Activities will include outdoors stuff like hiking, running and biking.  No golf, as the Mrs. doesnt golf.  

She would be interested in a cattle drive if anyone knew of a day trip somewhere? 

Any input is greatly appreciated.  We've been to Colorado so many times that we just thought we'd try something different.

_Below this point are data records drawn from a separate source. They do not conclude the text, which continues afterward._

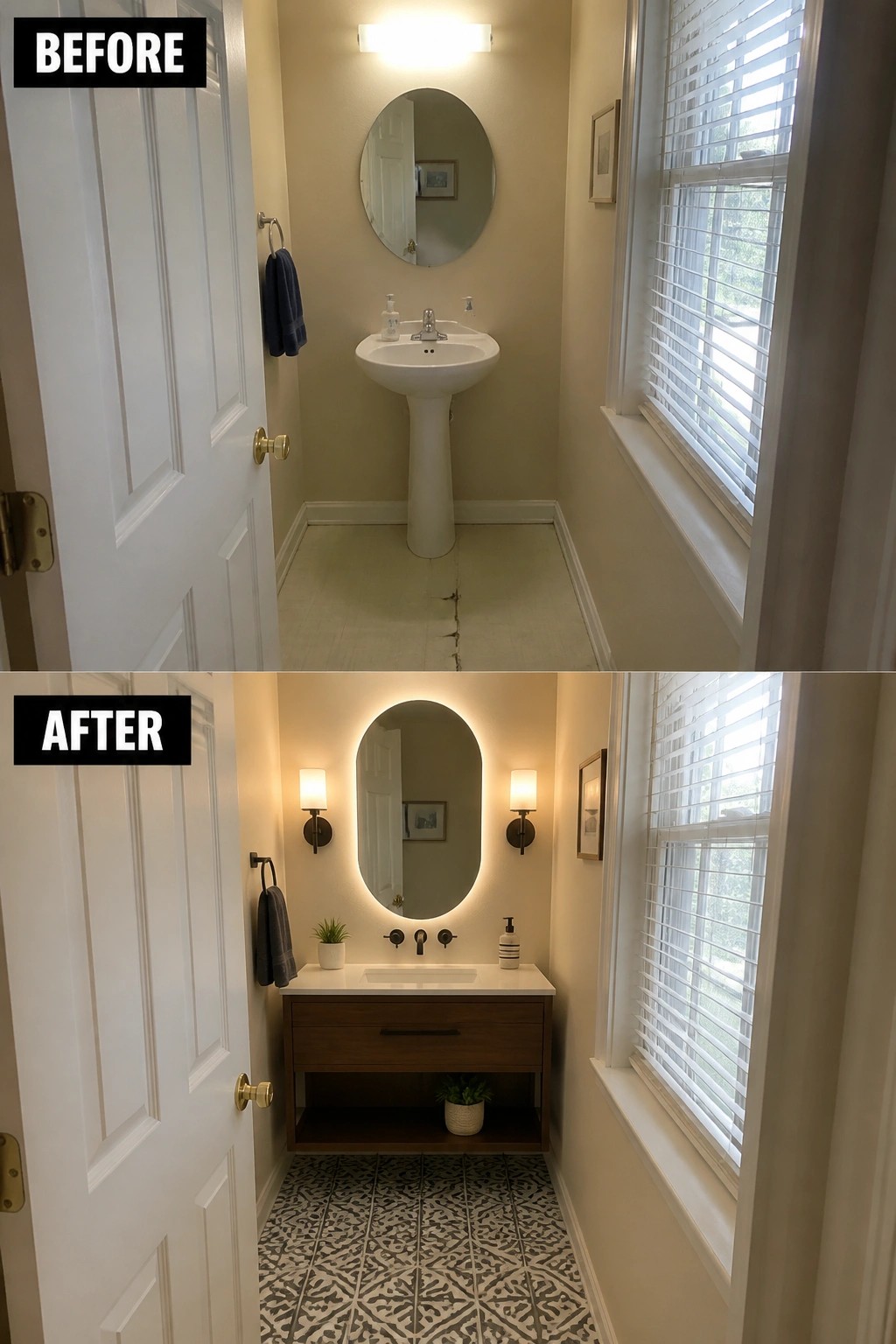 Before and after narrow bathroom remodel with new vanity, mirror, and patterned floor.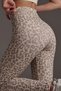 Women's Leopard Patterned High Waist Slim Fit Lycra Gray Cream Push up Ribbed Leggings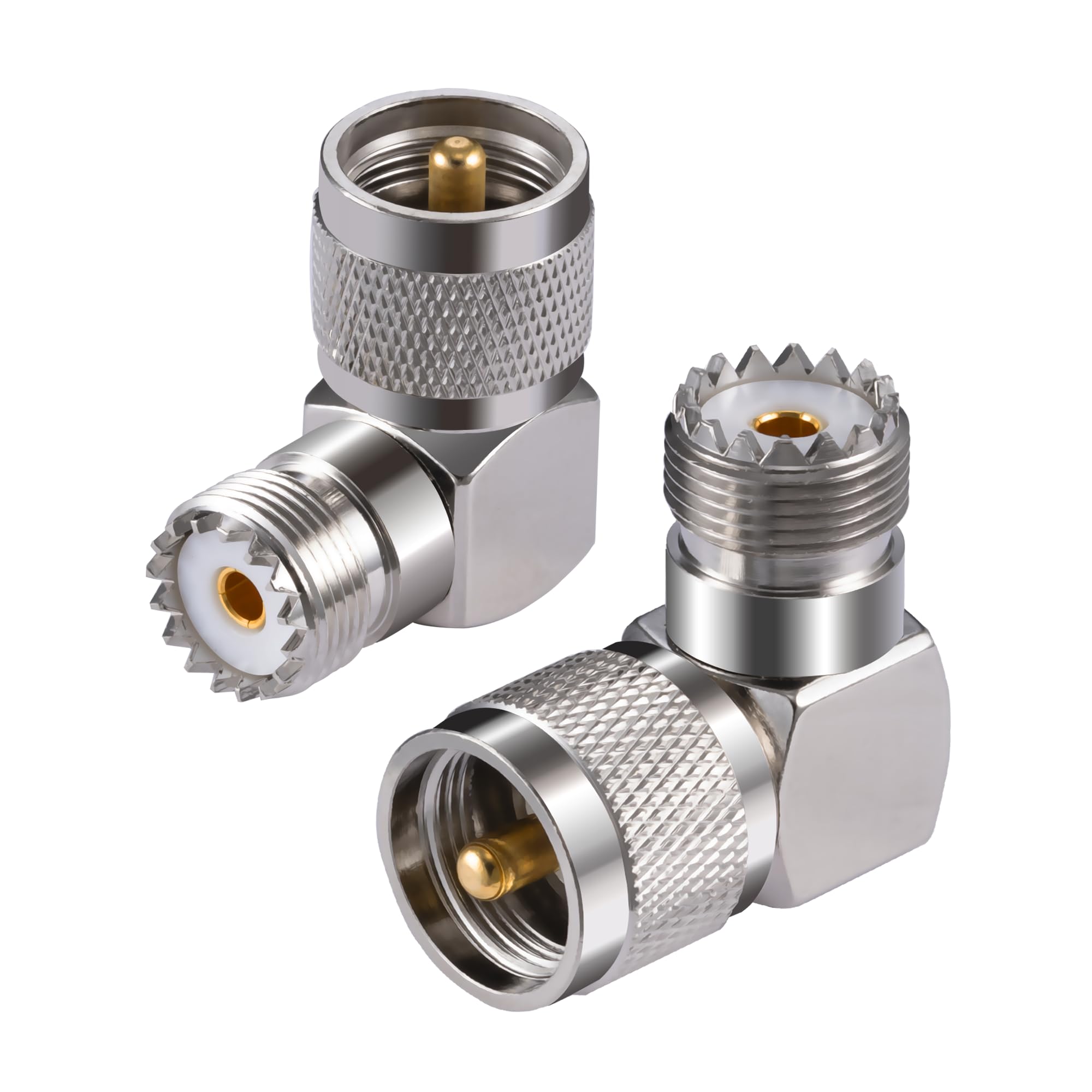 Vecys 2PCS UHF Adapters PL-259 UHF Male to SO-239 UHF Female Right Angle Coax Cable Adapter for Ham Radio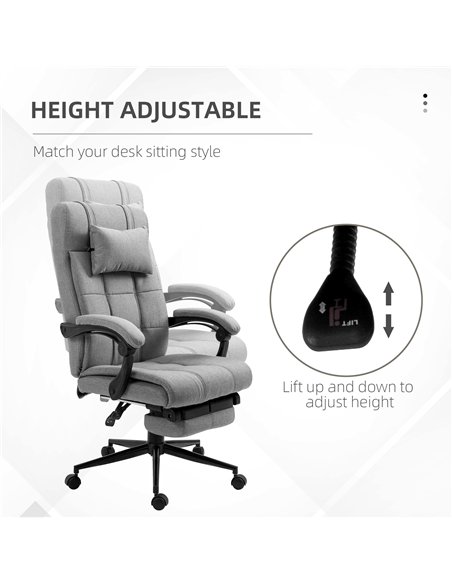 Vinsetto Office Chair with Footrest Ergonomic Office Chair with Armrests Lumber Support and Headrest Light Grey - pic 120471 | FastDaddyshop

Thanks in advance for you help!


----------



## PStreet1 (Feb 20, 2008)

Be prepared for hot weather, really hot.  Tuscon is somewhat cooler than Phoenix/Scottsdale, but it's still going to be hot for outdoor activities in the daytime.


----------



## Laurie (Feb 20, 2008)

Sedona - with a side trip to Flagstaff! Sedona's hot, but not as hot as the other 2, and you can go play in Oak Creek.


----------



## nightnurse613 (Feb 20, 2008)

And unless your little woman likes to shop, Sedona wouldl definitely be my first choice.  Tucson second and Phoenix last.  Plenty of day trips near Sedona (ride the railroad); Grand Canyon is doable; yes, hit Oak Creek (just remember where that water comes from). Do a Search on Sedona and you'll find lots of ideas (jeep tours).  You know, she might enjoy a hot air balloon ride -it's not as exciting as a cattle drive but...:whoopie:  Early June is typically the milder, dry heat. Temperatures of 100 are not unusual.  You don't say where you are from so it's hard to say how you'll tolerate the heat.  There's at least two or three things to do in Tucson, also. Welcome!


----------



## Jaybee (Feb 21, 2008)

If you, or your wife enjoy art galleries, there are many in Sedona, with all sorts of beautiful art displays, lots of crafts, bronze statuary, delightful restaurants, and all the hiking you could handle.  The Jeep tours are great, and the scenery is stunning.  
I wouldn't think the weather in Sedona in June would be terribly hot, but you could always take the drive up beauiful Oak Creek Canyon to Flagstaff, where it's usually always sweatshirt weather.  Wherever you go, enjoy!  Jean


----------



## Red Rox (Feb 27, 2008)

No question...Sedona


----------



## grest (Feb 28, 2008)

Sedona, by all means...we'll be there in June.  We always go out west in the summer, due to work schedules.  Pheonix/Scottsdale and Tucson are so so hot.   Sedona is hot too, but much better, especially by Oak Creek, and it just is so beautiful.
Connie


----------